Uma tentativa de assassinato? Há duas ou três coisas que gostaria de comentar sobre o e-mail. Para começar, não entendi direito — o que é muito natural, afinal o texto de Fernanda Young costuma ser altamente sofisticado e não é para qualquer um entender — qual seria o duplo sentido do título de seu programa de TV. Que duplo sentido pode ter algo chamado “Irritando Fernanda Young”? Acrescentaria que não há motivo algum para se pôr um hífen em “duplo sentido”. Eu sei que, com o novo acordo ortográfico, todo mundo está meio perdido com o emprego do hífen. Mas Fernanda Young é uma escritora com romances “quase esgotados”, escreve peças que são montadas “em várias cidades”, escreve filmes que são campeões de bilheteria, fica bonita nas fotos. Enfim, Fernanda Young é uma mulher de sucesso. Não pode ficar soltando hífens por aí a esmo.
Percebi também que Fernanda Young não entendeu o espírito da coisa. Ela não é uma das malas que mais me chatearam este ano.
Não acompanhei seu desempenho de sucesso em 2009. Não li seu romance quase esgotado, não comprei sua “Playboy” (parece que esta não esgotou, não; é mais fácil de comprar do que o romance) e, embora tenha estado em várias cidades do país em 2009, nunca calhou de estar no mesmo município em que sua peça estivesse sendo montada. O pouco que vi de Fernanda Young em 2009 foi no programa que ela apresenta nas madrugadas de domingo para segunda-feira no GNT. Ele não me chateia, mas me diverte. É verdade que me diverte mais quando Fernanda Young fala menos que o entrevistado (quando fala mais baixo, acho melhor também). Enfim, não tenho razão alguma para me chatear com Fernanda Young. Ela apareceu entre os dez mais da Mala do Ano pelo simples fato de ter sido votada pelos leitores desta coluna. Só isso. Será que há um duplo sentido (sem hífen, por favor) na eleição que eu não tenha captado? Por fim, gostaria de saber o que faz Fernanda Young imaginar que suas vitórias pessoais são um exemplo para a Humanidade. Ela tem razão: não escrevi um romance, não escrevi um filme, não escrevi uma peça, não tive planos de ser entrevistador de TV e não fiquei bonito em foto alguma. Aliás, fico tão feio em fotos — elas são justas com meus aspectos estéticos, devo admitir — que prefiro não posar para elas. E daí? Quem disse para Fernanda Young que suas realizações são o desejo dos outros. Os meus, posso garantir, não têm nada a ver com isso.
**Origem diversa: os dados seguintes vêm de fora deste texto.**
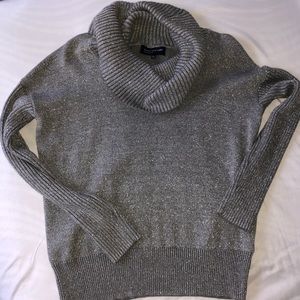 Jones New York Cowl Neck Sweater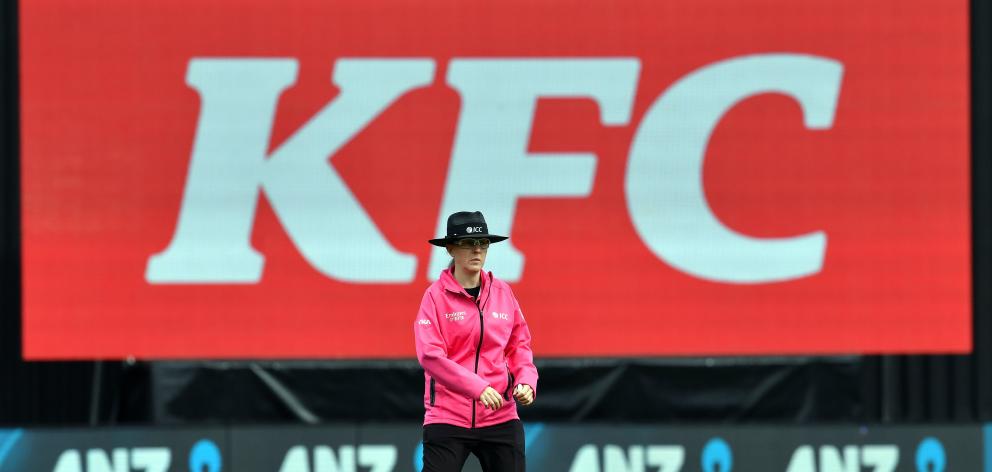 New Zealander Kim Cotton created history in Dunedin yesterday. The 45-year-old became the first...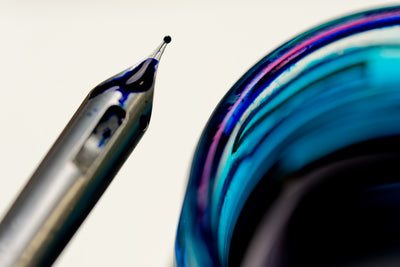 Federal Fountain Pen Ink — Beta Test Kit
Por exemplo, já estou mais do que realizado por uma pequena vitória conquistada em 2009: irritei Fernanda Young.
E para terminar, mas para terminar mesmo, vou contar o que mais me impressionou no email dessa mulher de sucesso: ela o enviou às 8h04min da manhã de quarta-feira, o dia em que seu nome apareceu no décimo lugar da Mala do Ano. E isso depois de já ter mandado uma mensagem, em versão reduzida, a todos os seguidores de seu Twitter. Vem cá, às 8h04min da manhã, em São Paulo, ela já tinha lido minha coluna, já tinha assimilado a questão, já tinha planejado uma resposta e já a tinha escrito? Isso é que é leitor fiel. Espero em 2010 contar com leitores tão dedicados quanto Fernanda Young.
O colunista deseja a todos os outros leitores um feliz 2010.